[Opening Dataset extract section]

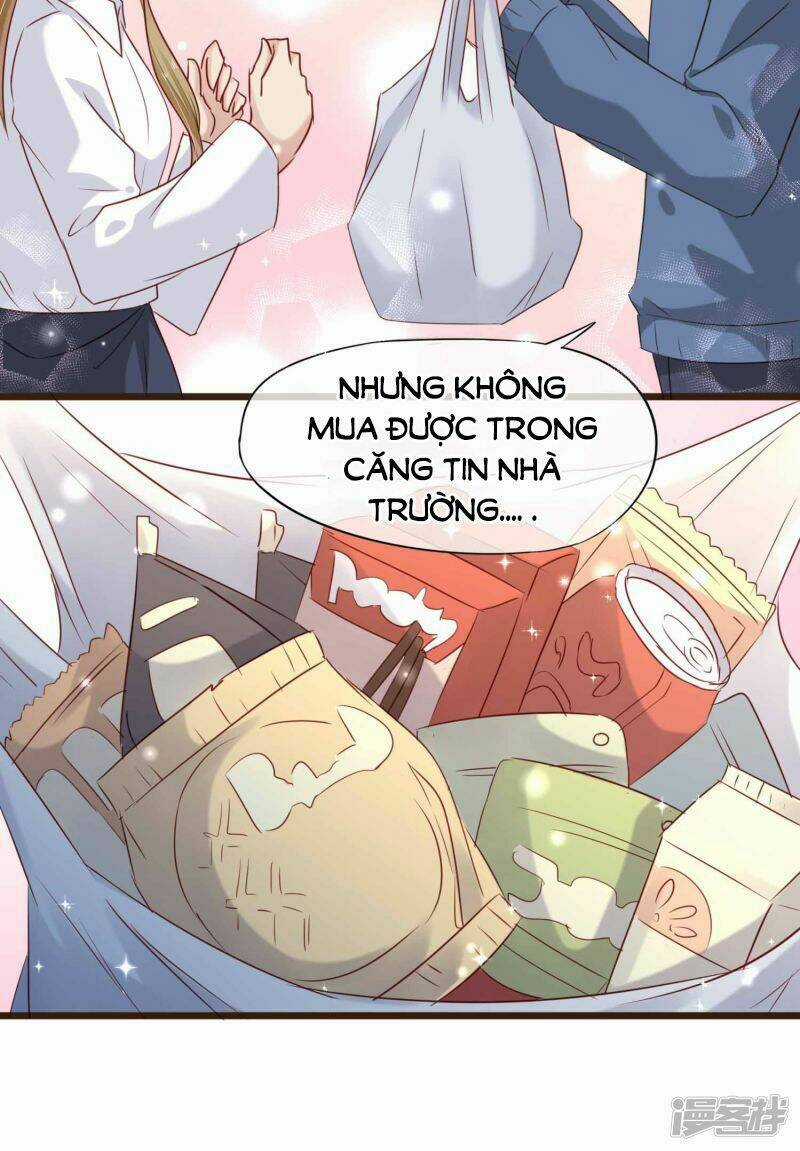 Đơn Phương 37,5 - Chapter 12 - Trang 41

[Closing Dataset extract section]
[Opening Dataset extract section]

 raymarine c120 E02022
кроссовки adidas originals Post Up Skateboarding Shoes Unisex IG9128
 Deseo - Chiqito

[Closing Dataset extract section]

### Problem to work on
Within the listing above, give again exactly every line from the line with "raymarine c120 E02022" through the line with "Deseo - Chiqito", both included, and no other line.

### Task output
 raymarine c120 E02022
кроссовки adidas originals Post Up Skateboarding Shoes Unisex IG9128
 Deseo - Chiqito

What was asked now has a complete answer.